Segment Start: Task input

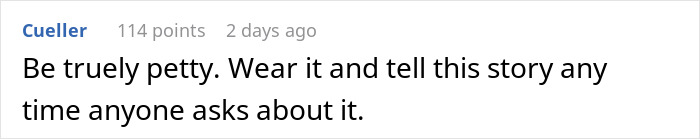 Text conversation screenshot showing a comment about a woman realizing the family heirloom from her MIL was only worth $30.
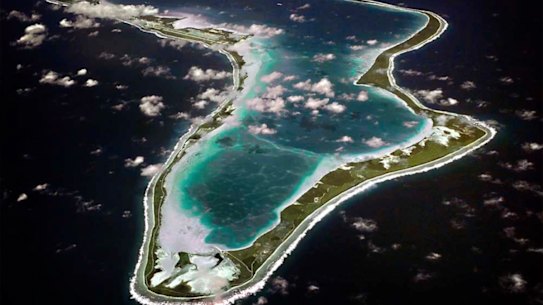 Una veduta aerea di Diego Garcia.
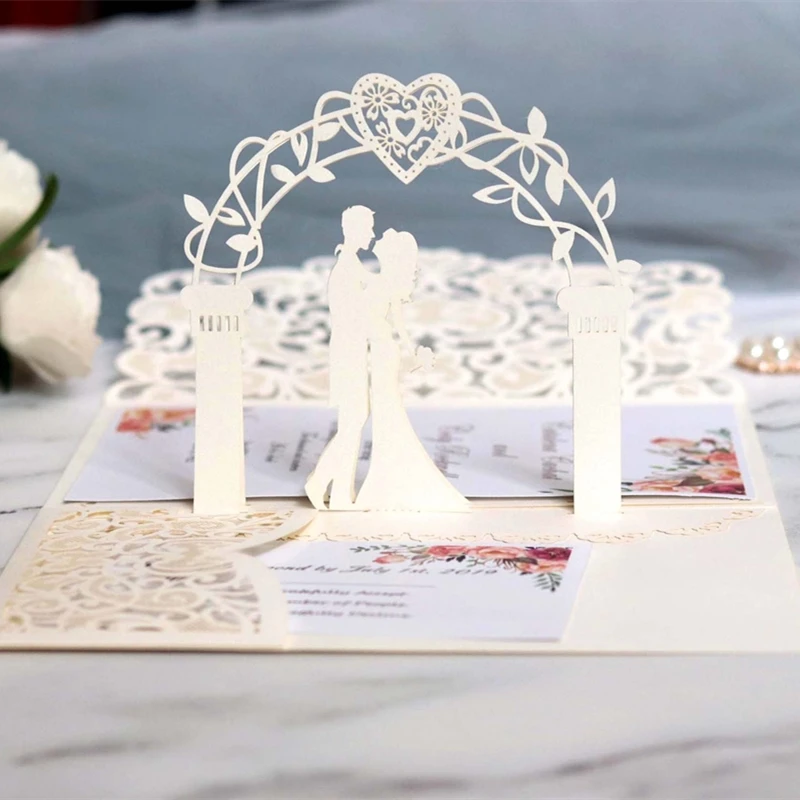 Laser Cut Wedding Invitation Cards Engagement Bride Groom Love Heart Invitations Marriage Supplies Luxury Greeting Card Envelope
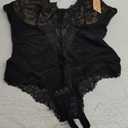Lace Bodysuit Shapewear Tummy Control Body Shaper Womens V neck Tank Top Body Suit Thong Plus , Size L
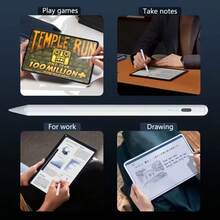 Lápiz óptico compatible con Apple Pencil con carga rápida - Lápiz óptico capacitivo de alta precisión compatible con iPad, Android, tabletas Microsoft, incluye puntas de repuesto y cable de carga, regalo para madre, familia, amigos, niños, cumpleaños, festividades - Multicolor - Ver 3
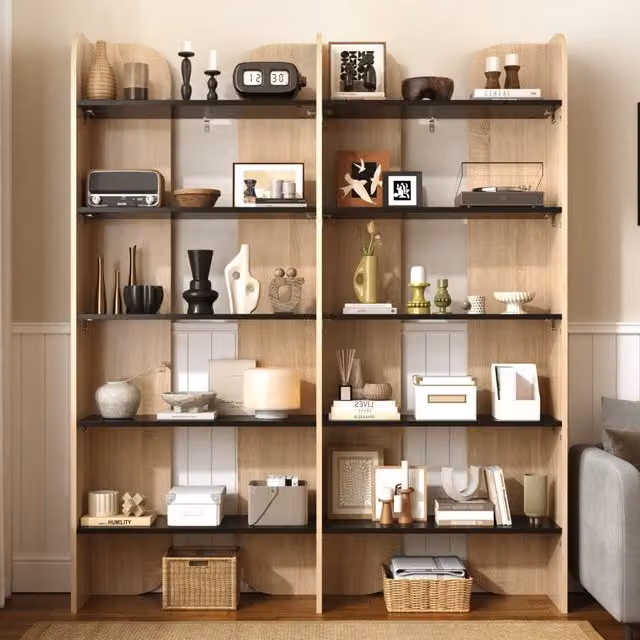 Libreria moderna MODFU a 5 ripiani con struttura in metallo e legno, colore marrone e nero, L: 160 cm, H: 135 cm, P: 25 cm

Segment End: Task input

Extract only the lines from the one that contains "Laser Cut Wedding" through the end of the records, inclusive, and omit every picture.

 Laser Cut Wedding Invitation Cards Engagement Bride Groom Love Heart Invitations Marriage Supplies Luxury Greeting Card Envelope
Lace Bodysuit Shapewear Tummy Control Body Shaper Womens V neck Tank Top Body Suit Thong Plus , Size L
 Lápiz óptico compatible con Apple Pencil con carga rápida - Lápiz óptico capacitivo de alta precisión compatible con iPad, Android, tabletas Microsoft, incluye puntas de repuesto y cable de carga, regalo para madre, familia, amigos, niños, cumpleaños, festividades - Multicolor - Ver 3
 Libreria moderna MODFU a 5 ripiani con struttura in metallo e legno, colore marrone e nero, L: 160 cm, H: 135 cm, P: 25 cm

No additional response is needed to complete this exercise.